__Assignment__
Each record in the listing below is to be duplicated exactly.
──────── Dataset excerpts
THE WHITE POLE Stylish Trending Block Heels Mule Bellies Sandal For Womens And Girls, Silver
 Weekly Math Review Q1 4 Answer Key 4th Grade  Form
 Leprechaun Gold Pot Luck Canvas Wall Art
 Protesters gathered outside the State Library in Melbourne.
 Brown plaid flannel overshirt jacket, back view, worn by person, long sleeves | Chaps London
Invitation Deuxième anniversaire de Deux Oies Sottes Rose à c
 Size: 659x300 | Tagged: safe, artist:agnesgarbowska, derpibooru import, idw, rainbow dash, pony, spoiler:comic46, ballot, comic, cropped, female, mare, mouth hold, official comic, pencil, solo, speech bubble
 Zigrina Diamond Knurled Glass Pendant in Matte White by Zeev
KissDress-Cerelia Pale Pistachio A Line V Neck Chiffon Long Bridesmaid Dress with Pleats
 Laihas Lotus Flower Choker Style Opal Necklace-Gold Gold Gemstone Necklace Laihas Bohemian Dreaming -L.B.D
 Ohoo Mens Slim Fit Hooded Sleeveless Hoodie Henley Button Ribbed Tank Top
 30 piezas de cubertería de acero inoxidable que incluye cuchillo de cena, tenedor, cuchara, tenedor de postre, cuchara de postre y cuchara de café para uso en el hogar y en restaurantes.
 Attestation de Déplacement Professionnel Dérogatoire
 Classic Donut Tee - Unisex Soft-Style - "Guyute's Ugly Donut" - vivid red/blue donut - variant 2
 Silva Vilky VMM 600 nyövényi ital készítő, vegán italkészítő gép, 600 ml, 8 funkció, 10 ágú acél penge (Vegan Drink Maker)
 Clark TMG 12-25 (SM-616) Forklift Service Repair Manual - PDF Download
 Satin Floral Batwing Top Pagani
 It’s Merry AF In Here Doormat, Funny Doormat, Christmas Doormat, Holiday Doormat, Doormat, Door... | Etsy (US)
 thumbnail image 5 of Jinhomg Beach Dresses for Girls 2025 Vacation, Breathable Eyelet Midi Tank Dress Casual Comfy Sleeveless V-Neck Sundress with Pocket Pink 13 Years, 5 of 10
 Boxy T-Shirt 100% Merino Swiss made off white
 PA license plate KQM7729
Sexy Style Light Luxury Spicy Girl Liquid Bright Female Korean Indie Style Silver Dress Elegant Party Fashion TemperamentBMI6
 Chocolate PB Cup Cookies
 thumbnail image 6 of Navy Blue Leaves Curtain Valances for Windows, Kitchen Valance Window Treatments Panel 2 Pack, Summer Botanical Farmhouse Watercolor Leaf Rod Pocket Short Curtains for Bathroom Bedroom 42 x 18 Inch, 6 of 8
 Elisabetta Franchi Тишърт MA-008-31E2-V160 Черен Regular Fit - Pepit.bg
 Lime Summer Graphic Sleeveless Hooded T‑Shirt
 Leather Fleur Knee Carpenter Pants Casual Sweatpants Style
────────────────
__Response box__
THE WHITE POLE Stylish Trending Block Heels Mule Bellies Sandal For Womens And Girls, Silver
 Weekly Math Review Q1 4 Answer Key 4th Grade  Form
 Leprechaun Gold Pot Luck Canvas Wall Art
 Protesters gathered outside the State Library in Melbourne.
 Brown plaid flannel overshirt jacket, back view, worn by person, long sleeves | Chaps London
Invitation Deuxième anniversaire de Deux Oies Sottes Rose à c
 Size: 659x300 | Tagged: safe, artist:agnesgarbowska, derpibooru import, idw, rainbow dash, pony, spoiler:comic46, ballot, comic, cropped, female, mare, mouth hold, official comic, pencil, solo, speech bubble
 Zigrina Diamond Knurled Glass Pendant in Matte White by Zeev
KissDress-Cerelia Pale Pistachio A Line V Neck Chiffon Long Bridesmaid Dress with Pleats
 Laihas Lotus Flower Choker Style Opal Necklace-Gold Gold Gemstone Necklace Laihas Bohemian Dreaming -L.B.D
 Ohoo Mens Slim Fit Hooded Sleeveless Hoodie Henley Button Ribbed Tank Top
 30 piezas de cubertería de acero inoxidable que incluye cuchillo de cena, tenedor, cuchara, tenedor de postre, cuchara de postre y cuchara de café para uso en el hogar y en restaurantes.
 Attestation de Déplacement Professionnel Dérogatoire
 Classic Donut Tee - Unisex Soft-Style - "Guyute's Ugly Donut" - vivid red/blue donut - variant 2
 Silva Vilky VMM 600 nyövényi ital készítő, vegán italkészítő gép, 600 ml, 8 funkció, 10 ágú acél penge (Vegan Drink Maker)
 Clark TMG 12-25 (SM-616) Forklift Service Repair Manual - PDF Download
 Satin Floral Batwing Top Pagani
 It’s Merry AF In Here Doormat, Funny Doormat, Christmas Doormat, Holiday Doormat, Doormat, Door... | Etsy (US)
 thumbnail image 5 of Jinhomg Beach Dresses for Girls 2025 Vacation, Breathable Eyelet Midi Tank Dress Casual Comfy Sleeveless V-Neck Sundress with Pocket Pink 13 Years, 5 of 10
 Boxy T-Shirt 100% Merino Swiss made off white
 PA license plate KQM7729
Sexy Style Light Luxury Spicy Girl Liquid Bright Female Korean Indie Style Silver Dress Elegant Party Fashion TemperamentBMI6
 Chocolate PB Cup Cookies
 thumbnail image 6 of Navy Blue Leaves Curtain Valances for Windows, Kitchen Valance Window Treatments Panel 2 Pack, Summer Botanical Farmhouse Watercolor Leaf Rod Pocket Short Curtains for Bathroom Bedroom 42 x 18 Inch, 6 of 8
 Elisabetta Franchi Тишърт MA-008-31E2-V160 Черен Regular Fit - Pepit.bg
 Lime Summer Graphic Sleeveless Hooded T‑Shirt
 Leather Fleur Knee Carpenter Pants Casual Sweatpants Style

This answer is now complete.